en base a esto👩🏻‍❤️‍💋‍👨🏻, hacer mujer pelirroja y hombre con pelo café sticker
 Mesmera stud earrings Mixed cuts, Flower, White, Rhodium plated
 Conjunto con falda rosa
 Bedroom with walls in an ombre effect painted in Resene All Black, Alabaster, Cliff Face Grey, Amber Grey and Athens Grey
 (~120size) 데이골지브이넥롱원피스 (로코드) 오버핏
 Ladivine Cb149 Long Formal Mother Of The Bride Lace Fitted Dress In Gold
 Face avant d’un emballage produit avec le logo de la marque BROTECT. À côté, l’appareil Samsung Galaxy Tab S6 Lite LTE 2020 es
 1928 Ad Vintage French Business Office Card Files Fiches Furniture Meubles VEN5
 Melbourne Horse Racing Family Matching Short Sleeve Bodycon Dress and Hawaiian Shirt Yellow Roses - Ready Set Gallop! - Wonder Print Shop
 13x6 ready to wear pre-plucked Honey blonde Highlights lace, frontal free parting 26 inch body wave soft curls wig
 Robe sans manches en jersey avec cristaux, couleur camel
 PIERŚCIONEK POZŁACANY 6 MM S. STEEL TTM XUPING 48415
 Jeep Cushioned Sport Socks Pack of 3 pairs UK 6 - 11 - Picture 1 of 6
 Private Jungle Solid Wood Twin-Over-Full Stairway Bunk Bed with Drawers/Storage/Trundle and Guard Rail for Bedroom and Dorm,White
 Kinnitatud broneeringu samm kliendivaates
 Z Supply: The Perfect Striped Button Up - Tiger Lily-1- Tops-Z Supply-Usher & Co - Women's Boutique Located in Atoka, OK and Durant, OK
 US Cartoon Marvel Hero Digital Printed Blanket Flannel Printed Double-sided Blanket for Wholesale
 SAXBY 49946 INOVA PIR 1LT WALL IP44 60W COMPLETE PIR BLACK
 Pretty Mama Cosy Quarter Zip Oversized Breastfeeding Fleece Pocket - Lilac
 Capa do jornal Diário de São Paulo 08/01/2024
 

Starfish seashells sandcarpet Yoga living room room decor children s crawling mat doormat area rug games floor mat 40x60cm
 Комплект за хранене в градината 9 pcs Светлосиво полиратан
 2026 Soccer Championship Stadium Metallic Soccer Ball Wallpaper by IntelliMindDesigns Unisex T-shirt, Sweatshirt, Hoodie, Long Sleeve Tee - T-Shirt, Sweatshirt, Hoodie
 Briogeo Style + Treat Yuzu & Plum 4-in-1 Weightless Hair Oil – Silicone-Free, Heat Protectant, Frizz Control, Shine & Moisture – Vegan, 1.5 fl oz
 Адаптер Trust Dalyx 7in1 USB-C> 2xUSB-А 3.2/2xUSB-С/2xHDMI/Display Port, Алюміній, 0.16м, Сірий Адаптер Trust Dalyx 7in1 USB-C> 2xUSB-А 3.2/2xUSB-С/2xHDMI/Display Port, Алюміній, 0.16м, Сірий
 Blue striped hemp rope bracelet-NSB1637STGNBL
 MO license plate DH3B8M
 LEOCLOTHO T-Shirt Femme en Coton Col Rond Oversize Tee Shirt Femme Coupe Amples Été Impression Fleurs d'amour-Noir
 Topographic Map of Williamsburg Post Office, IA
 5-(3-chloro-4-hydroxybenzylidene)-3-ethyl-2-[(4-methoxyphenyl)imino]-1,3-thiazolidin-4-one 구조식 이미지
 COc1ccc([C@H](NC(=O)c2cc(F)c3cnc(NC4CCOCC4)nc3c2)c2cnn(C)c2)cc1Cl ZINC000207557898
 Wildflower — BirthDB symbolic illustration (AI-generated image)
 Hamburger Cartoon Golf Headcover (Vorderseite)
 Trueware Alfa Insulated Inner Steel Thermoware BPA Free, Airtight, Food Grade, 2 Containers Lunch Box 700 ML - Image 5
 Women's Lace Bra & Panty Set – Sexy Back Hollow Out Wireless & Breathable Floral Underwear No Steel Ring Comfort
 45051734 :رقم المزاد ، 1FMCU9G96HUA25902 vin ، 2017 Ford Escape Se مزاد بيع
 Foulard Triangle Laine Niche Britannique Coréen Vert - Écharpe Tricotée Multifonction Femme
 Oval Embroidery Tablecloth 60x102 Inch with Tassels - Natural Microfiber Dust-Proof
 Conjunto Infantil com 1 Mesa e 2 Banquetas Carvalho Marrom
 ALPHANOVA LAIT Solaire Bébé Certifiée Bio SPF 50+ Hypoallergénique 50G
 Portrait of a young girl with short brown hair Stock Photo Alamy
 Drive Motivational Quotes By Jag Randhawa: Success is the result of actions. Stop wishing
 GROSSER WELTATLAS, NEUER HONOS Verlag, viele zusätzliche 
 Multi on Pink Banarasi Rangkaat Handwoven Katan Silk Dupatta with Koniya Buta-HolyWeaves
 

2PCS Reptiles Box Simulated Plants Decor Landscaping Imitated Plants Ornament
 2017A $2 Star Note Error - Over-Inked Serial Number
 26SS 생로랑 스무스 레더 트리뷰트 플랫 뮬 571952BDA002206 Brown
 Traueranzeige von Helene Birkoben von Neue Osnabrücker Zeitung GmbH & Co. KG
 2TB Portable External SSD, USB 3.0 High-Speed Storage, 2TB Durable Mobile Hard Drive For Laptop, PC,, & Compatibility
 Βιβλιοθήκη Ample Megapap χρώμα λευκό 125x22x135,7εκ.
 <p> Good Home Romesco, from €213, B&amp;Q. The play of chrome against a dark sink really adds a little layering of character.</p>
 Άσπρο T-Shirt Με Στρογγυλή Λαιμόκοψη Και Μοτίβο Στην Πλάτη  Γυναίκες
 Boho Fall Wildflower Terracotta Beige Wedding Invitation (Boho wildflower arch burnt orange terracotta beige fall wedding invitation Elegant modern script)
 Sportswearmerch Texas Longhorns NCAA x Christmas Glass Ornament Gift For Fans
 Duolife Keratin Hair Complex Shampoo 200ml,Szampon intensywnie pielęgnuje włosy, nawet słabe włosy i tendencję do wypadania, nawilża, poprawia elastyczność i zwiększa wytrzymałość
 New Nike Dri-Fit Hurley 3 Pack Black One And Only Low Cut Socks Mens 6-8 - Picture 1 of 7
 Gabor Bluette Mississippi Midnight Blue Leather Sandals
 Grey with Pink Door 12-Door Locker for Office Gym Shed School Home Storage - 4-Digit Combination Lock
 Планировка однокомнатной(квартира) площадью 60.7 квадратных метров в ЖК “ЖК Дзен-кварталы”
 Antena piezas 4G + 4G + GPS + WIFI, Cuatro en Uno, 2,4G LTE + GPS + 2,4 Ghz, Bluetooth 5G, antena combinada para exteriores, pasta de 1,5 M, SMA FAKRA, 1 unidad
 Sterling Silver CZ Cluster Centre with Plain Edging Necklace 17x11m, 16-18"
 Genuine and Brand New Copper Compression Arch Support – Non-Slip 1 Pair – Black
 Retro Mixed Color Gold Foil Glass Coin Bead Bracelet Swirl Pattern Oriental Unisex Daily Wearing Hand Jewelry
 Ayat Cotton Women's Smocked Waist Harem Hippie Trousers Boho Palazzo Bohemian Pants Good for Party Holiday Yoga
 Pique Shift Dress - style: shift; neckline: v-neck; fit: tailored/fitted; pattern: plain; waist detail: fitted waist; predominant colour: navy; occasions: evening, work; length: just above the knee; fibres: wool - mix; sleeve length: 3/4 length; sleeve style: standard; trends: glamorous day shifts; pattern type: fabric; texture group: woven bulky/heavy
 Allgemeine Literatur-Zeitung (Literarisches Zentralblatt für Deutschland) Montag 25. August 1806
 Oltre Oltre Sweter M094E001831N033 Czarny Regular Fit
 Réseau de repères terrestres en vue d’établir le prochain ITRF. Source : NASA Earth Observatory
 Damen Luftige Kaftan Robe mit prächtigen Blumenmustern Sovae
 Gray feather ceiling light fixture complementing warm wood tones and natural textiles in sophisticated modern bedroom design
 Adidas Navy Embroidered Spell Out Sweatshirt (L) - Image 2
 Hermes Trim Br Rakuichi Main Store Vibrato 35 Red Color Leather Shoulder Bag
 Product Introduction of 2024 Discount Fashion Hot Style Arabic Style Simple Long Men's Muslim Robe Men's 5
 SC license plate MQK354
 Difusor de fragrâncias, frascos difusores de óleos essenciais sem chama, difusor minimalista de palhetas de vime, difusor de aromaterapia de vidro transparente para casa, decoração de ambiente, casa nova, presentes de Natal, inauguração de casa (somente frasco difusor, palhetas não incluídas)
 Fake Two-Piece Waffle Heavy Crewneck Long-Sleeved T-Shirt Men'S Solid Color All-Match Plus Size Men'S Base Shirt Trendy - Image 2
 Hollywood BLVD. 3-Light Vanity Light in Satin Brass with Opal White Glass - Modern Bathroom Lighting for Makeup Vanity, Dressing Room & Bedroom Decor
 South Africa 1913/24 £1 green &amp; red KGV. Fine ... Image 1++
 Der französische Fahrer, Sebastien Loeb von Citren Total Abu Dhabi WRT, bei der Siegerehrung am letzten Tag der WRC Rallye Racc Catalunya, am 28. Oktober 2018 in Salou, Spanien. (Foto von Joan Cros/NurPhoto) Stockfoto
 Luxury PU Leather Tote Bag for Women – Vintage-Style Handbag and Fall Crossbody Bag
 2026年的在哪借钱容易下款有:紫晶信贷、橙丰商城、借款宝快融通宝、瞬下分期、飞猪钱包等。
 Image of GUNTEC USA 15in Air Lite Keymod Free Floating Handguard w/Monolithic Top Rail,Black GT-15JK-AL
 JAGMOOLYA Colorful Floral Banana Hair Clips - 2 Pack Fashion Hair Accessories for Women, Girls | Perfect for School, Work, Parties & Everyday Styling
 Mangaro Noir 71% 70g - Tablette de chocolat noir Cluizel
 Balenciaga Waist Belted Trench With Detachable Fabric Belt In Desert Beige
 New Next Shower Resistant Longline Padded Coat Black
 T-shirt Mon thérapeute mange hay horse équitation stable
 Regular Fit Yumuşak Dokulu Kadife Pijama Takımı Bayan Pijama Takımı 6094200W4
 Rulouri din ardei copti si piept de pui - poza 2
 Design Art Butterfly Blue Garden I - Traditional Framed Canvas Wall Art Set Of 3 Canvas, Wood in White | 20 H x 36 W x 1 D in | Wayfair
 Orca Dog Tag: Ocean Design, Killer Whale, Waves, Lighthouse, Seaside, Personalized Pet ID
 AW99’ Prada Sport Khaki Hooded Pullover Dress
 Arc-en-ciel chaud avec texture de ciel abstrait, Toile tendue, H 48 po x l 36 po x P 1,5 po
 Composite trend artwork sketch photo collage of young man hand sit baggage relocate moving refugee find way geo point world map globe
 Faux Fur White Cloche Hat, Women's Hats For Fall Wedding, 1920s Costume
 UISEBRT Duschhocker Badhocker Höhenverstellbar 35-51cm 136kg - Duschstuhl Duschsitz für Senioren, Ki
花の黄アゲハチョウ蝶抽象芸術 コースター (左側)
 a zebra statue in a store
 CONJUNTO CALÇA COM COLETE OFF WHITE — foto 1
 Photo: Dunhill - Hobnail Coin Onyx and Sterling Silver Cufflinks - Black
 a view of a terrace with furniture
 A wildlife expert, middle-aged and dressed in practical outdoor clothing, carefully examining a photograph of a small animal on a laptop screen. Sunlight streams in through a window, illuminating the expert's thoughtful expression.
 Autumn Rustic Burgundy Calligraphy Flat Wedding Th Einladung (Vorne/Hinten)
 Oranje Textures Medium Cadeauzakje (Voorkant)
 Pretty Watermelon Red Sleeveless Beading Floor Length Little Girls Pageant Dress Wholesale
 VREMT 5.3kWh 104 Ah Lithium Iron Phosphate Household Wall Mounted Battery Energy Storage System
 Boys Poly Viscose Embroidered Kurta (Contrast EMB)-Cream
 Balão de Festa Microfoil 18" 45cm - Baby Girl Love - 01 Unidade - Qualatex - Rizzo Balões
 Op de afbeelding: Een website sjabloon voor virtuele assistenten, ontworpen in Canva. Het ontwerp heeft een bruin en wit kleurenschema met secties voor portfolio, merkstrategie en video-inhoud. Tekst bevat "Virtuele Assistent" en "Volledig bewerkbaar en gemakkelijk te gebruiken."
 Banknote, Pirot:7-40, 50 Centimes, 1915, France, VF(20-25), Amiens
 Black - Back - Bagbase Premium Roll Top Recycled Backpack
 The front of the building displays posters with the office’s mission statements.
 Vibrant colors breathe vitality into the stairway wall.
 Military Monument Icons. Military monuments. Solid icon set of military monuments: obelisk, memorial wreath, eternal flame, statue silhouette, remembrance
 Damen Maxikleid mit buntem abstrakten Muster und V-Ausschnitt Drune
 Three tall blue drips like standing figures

--

__EXERCISE OBJECTIVE__: In the entries above, find the line with "US Cartoon Marvel" and the line with "2026 Soccer Championship", then set down exactly those two and every line between them, nothing else.

__FINISHED TASK__:
 US Cartoon Marvel Hero Digital Printed Blanket Flannel Printed Double-sided Blanket for Wholesale
 SAXBY 49946 INOVA PIR 1LT WALL IP44 60W COMPLETE PIR BLACK
 Pretty Mama Cosy Quarter Zip Oversized Breastfeeding Fleece Pocket - Lilac
 Capa do jornal Diário de São Paulo 08/01/2024
 

Starfish seashells sandcarpet Yoga living room room decor children s crawling mat doormat area rug games floor mat 40x60cm
 Комплект за хранене в градината 9 pcs Светлосиво полиратан
 2026 Soccer Championship Stadium Metallic Soccer Ball Wallpaper by IntelliMindDesigns Unisex T-shirt, Sweatshirt, Hoodie, Long Sleeve Tee - T-Shirt, Sweatshirt, Hoodie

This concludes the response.